--- Records shown Enclosed Below ---

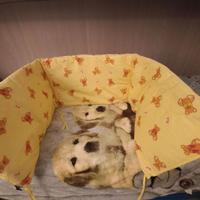 Traversina letto bimbo Trudi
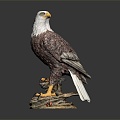 Modern Eagle Carving 3d model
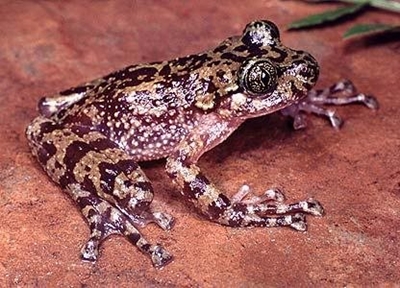 Saving the Ghost Frog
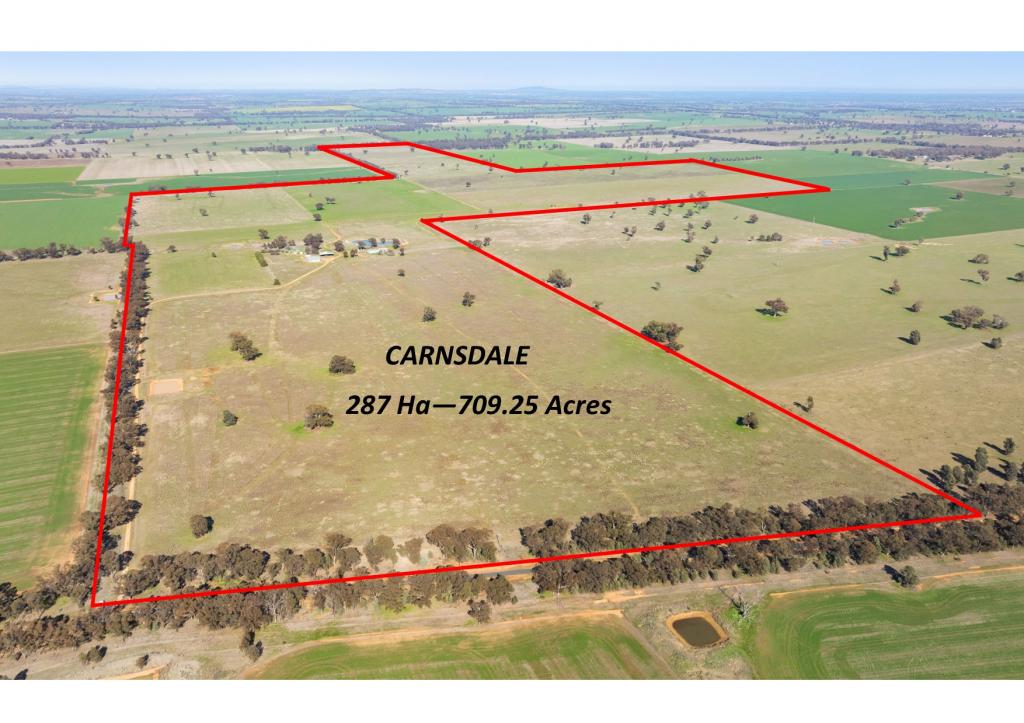 1624 Osborne Yerong Creek Rd, Yerong Creek, NSW 2642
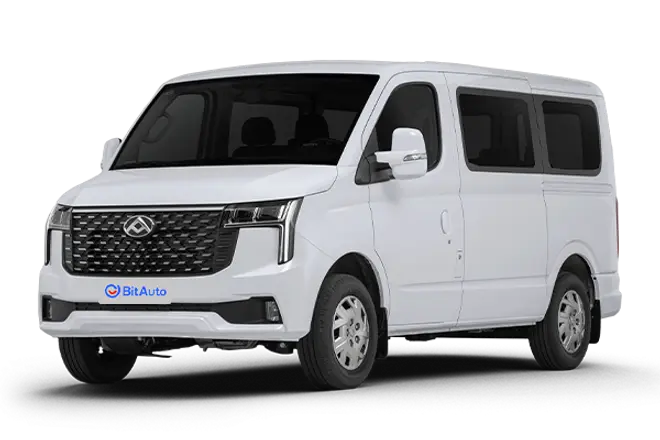 Maxus V80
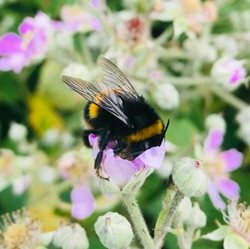 How can I help bumblebees?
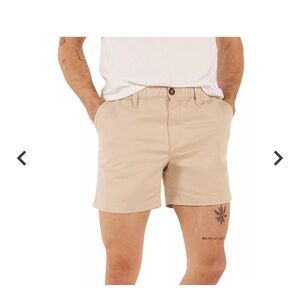 Chubbies 5.5 Original Shorts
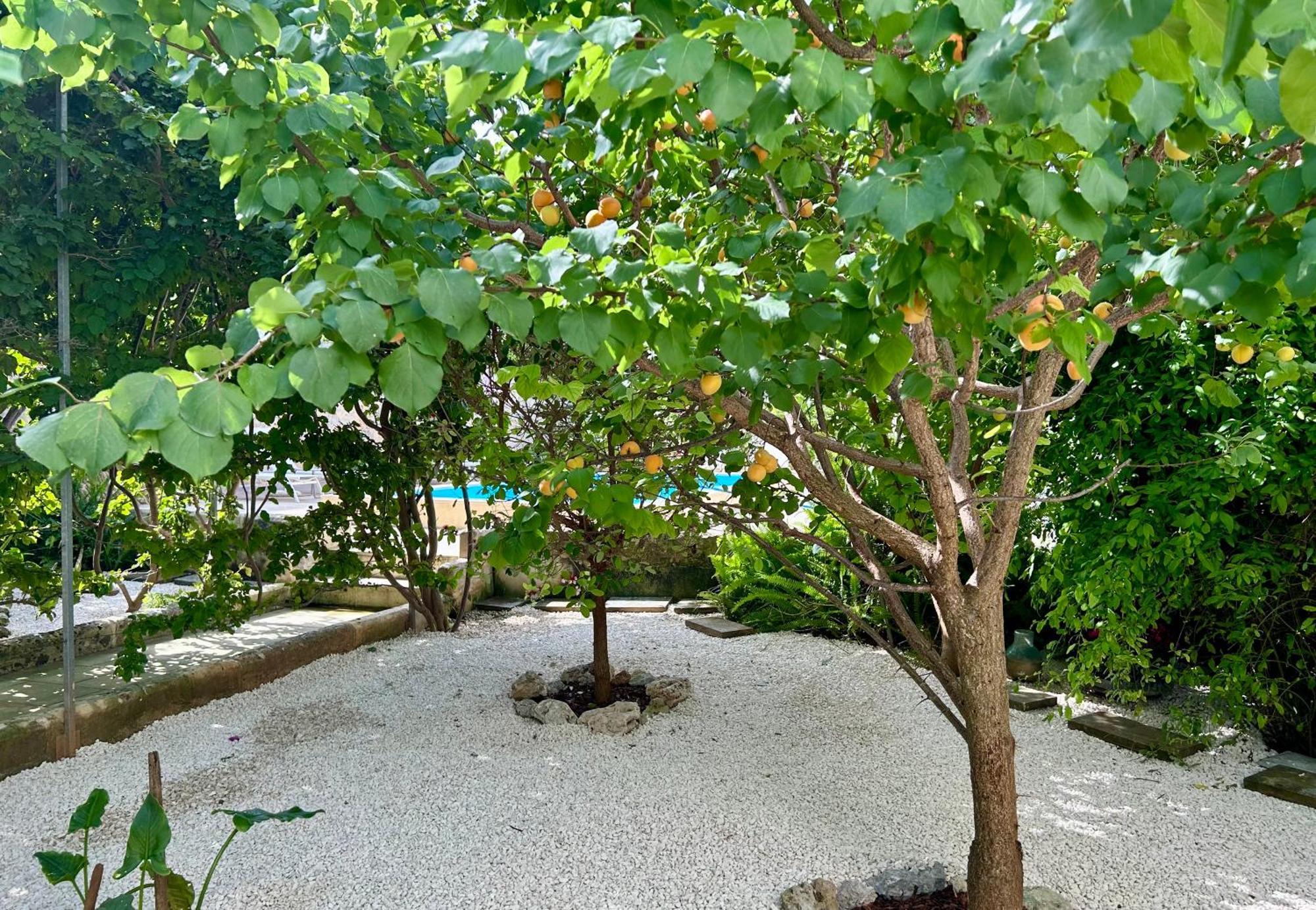 B&B Don Alessandro Surbo Exterior foto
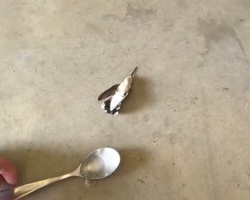 Firefighter Spots Tiny Lifeless Body On The Ground — Then Realizes What’s Really Wrong
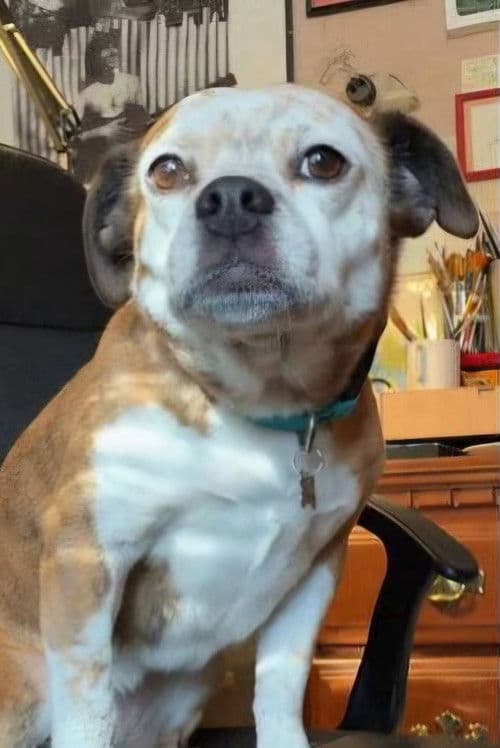 Dorothy the Dog profile photo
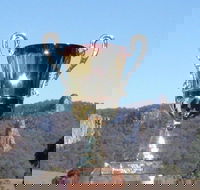 Nimbin Poetry World Cup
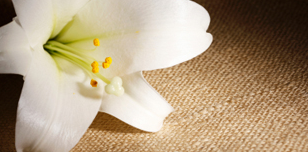 Image of a lilly flower.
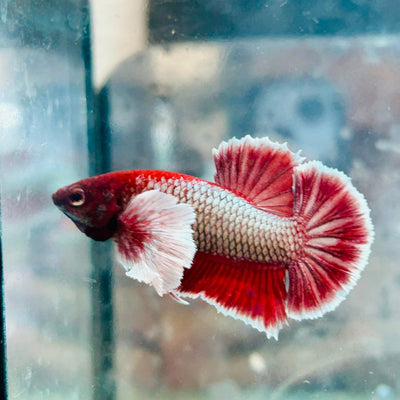 Plakat Dumbo Lavender Male Betta 078 Live Betta Fish Male betta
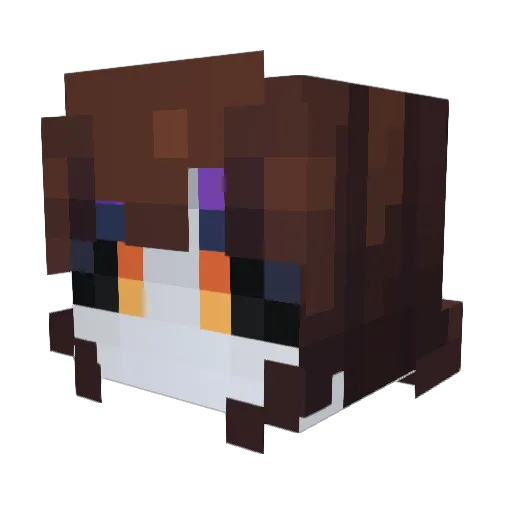 BranVan90003306 Minecraft avatar head, 3D render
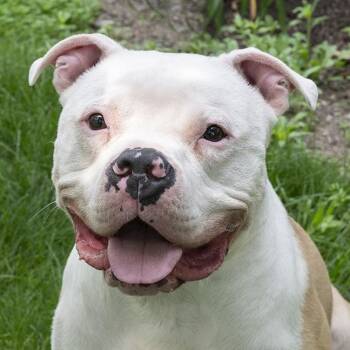 Romeo -  American Bulldog and Pit Bull Terrier Dog for Adoption in Peotone, Illinois - Romeo | PetCurious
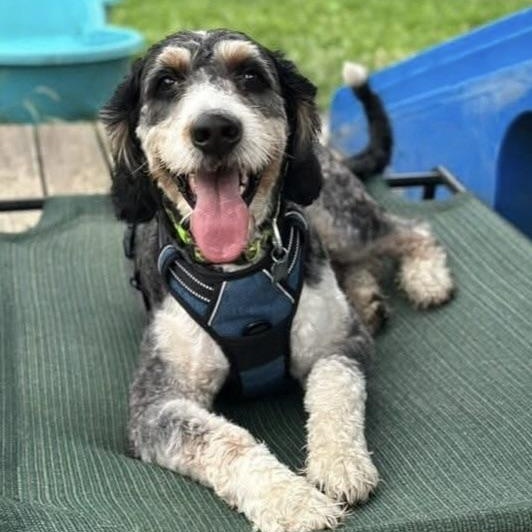 Oso, an adoptable Bernedoodle in Freeport, NY, 11520 | Photo Image 4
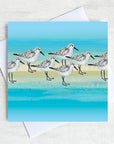 Illustrated greetings card featuring a sanderling bird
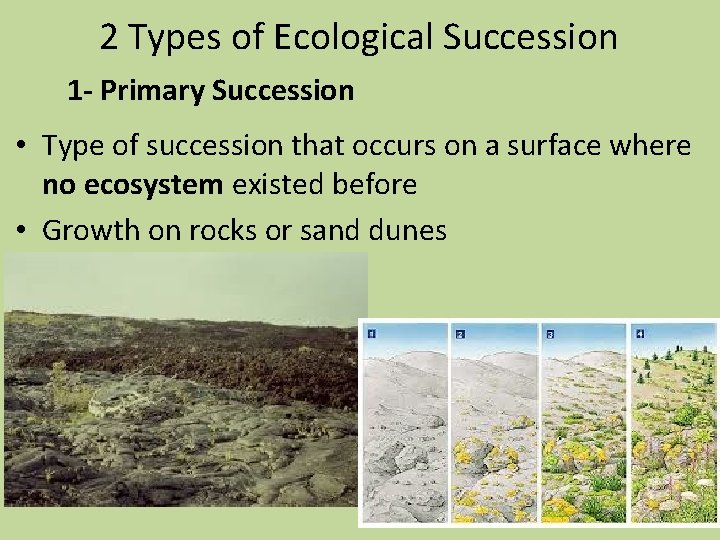 2 Types of Ecological Succession 1 - Primary Succession • Type of succession that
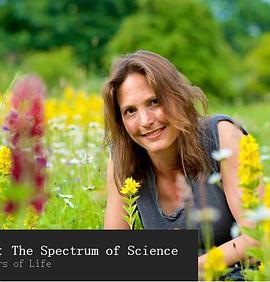 英国纪录片《色彩的奥秘 Colour: The Spectrum of Science》高清下载-八六三纪录片资源网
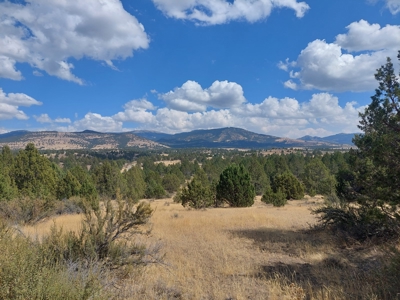 20+/- Acres/Views/Trees/Electricity/Wildlife/Northern, CA - image 1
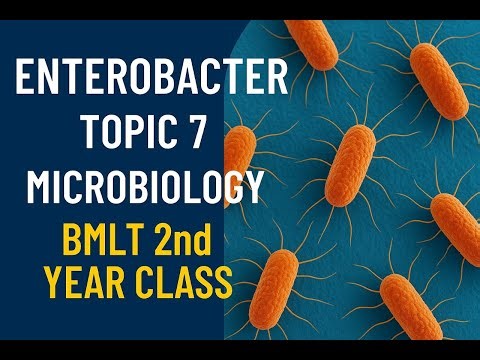 Enterobacter | Topic 8 Microbiology | BMLT 2nd Year Class
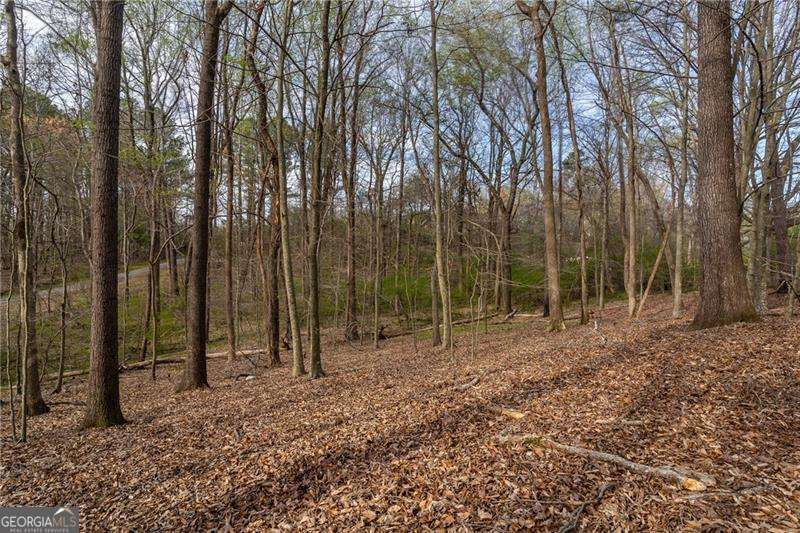 344 Jesse Martin Trail Property Photo 9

--- End of Enclosed Records shown ---

## Work to complete
Begin at the top of the material above and output each line exactly, stopping after the line that holds "Illustrated greetings card". Leave out pictures.

## Exercise response
 Traversina letto bimbo Trudi
 Modern Eagle Carving 3d model
 Saving the Ghost Frog
 1624 Osborne Yerong Creek Rd, Yerong Creek, NSW 2642
 Maxus V80
 How can I help bumblebees?
 Chubbies 5.5 Original Shorts
 B&B Don Alessandro Surbo Exterior foto
 Firefighter Spots Tiny Lifeless Body On The Ground — Then Realizes What’s Really Wrong
 Dorothy the Dog profile photo
 Nimbin Poetry World Cup
 Image of a lilly flower.
 Plakat Dumbo Lavender Male Betta 078 Live Betta Fish Male betta
 BranVan90003306 Minecraft avatar head, 3D render
 Romeo -  American Bulldog and Pit Bull Terrier Dog for Adoption in Peotone, Illinois - Romeo | PetCurious
 Oso, an adoptable Bernedoodle in Freeport, NY, 11520 | Photo Image 4
 Illustrated greetings card featuring a sanderling bird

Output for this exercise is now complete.